This will be a bit long, but please bear with me.
First, let me clarify the terminology a bit. I think what you are interested in here are in fact the facets of the polytope (i.e., "the minimum set of irredundant valid inequalities" or the "maximal dimensional faces still distinct from the polytope itself") rather than the faces. Plus, as you write, the object you study is much better called the "aggregate-flow polytope" or, as some authors refer to it, the "demand polytope" or the "throughput polytope". Call this polytope $T$.
Here is what I know about $T$:
Associated with any capacitated graph $G$ and set of source-destination pairs $(s_k, d_k): k \in 1, \ldots, K$, there is an "aggregate-flow set" $T$.
This $T$ is a polyhedron and it is well-defined. You can see this for yourself by considering the following construction: take the multicommodity-flow polytope (i.e., the polyhedron of the feasible arc-flows or path-flows) and apply an affine mapping that to each commodity orders the sum of the individual flows. As affine maps of polyhedra are again polyhedra, you get the required result.
If $G$ is connected and the edge capacities $c$ are strictly positive, then $T$ is a full-dimensional, compact, convex polyhedron in $\mathbb{R}^n_+$ (so it is in fact a polytope).
$T$ is down-monotone: $t \in T \Rightarrow \forall x \in [0, t]: x \in T$.

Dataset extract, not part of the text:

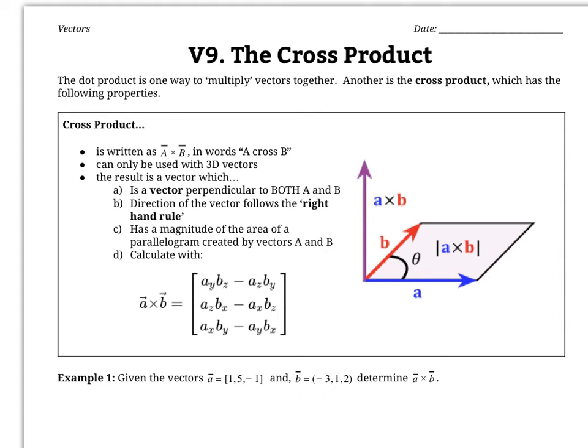Now let's talk about how to take the cross product of two vectors. The cross product is just another way of multiplying vectors together, and it has some useful properties we can use in science and physics. It's written A cross B with the vector arrows on top. It can only be used with 3D vectors — you can't use it on 2D or 4D vectors.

You can obtain all the valid inequalities that describe $T$ using the Japanese Theorem due to Onaga and Iri: for any non-negative weight set $w_{ij}: (i,j) \in E$ on the edges $E$ of $G$, the inequality:
$$\sum_{k=1}^K \beta_k . t_k \le \sum_{(i,j) \in E} w_{ij} c_{ij} $$
is valid for $T$, where $\beta_k$ denotes the shortest path distance from $s_k$ to $d_k$ for commodity $k$ over the weights $w$, $t_k$ is the aggregate-flow for the $k$th commodity and $c_{ij}$ is the capacity of edge $(i,j)$. In fact, you get all the valid inequalities for $T$ this way.
Any weight set that is not an extreme ray of the below projection cone $W$ generates redundant inequalities for $T$, where
$$W = \{(w,\beta): \forall k, \forall P \in \mathcal{P_k}: \sum_{(i,j) \in P} w_{ij} \le \beta_k, w \ge 0\}$$
where $\mathcal{P_k}$ denotes the set of all paths between $s_k$ and $d_k$. This sort of answers your second question.
Now, regarding the number of facets needed to describe $T$.
First, I believe your conjecture "for any $N$ there is a graph for which $T$ has more than $N$ facets" is not true. What we can show is that $T$ has finitely many facets, because the projection cone $W$ has only a finite number of extreme rays, and these generate all the facets (unfortunately, usually many more inequalities too). Note, however that this alone does not disprove your conjecture.
However, that this still allows the number of facets to be exponential, and curiously this is precisely the case. At least for directed graphs, I seem to have a proof somewhere that for the complete bipartite graph $K_{n,n}$ on $n$ nodes with $n$ distinct source nodes in one partition and $n$ distinct destination nodes in the other and capacities all equal to $1$, all the $\{0,1\}^n$ vectors $b$ except for the all-zero vector generate a facet $\sum_n b_n t_n \le q$ for some appropriate $q$, and this gives you $2^{n}-1$ facets. I don't know about the undirected case, the above may either hold or not hold.
For $K=3$ in particular, this gives 7 facets (plus the non-negativity conditions, but that's trivial) for $K_{3,3}$ in the directed case. As far as I can work it out now, the same applies to the undirected case as well. I have fairly good reasons to believe that this is in fact the upper bound for the directed case, but I may be completely wrong here.
You can find an awful lot of results on this topic in Schriver's heroic survey:
Alexander Schrijver: Combinatorial Optimization - Polyhedra and Efficiency, Volume 3, Part VII, Multiflows and Disjoint Paths
Should you have any comments, results, or further reading (apart from my own papers) on this topic, count me very very interested.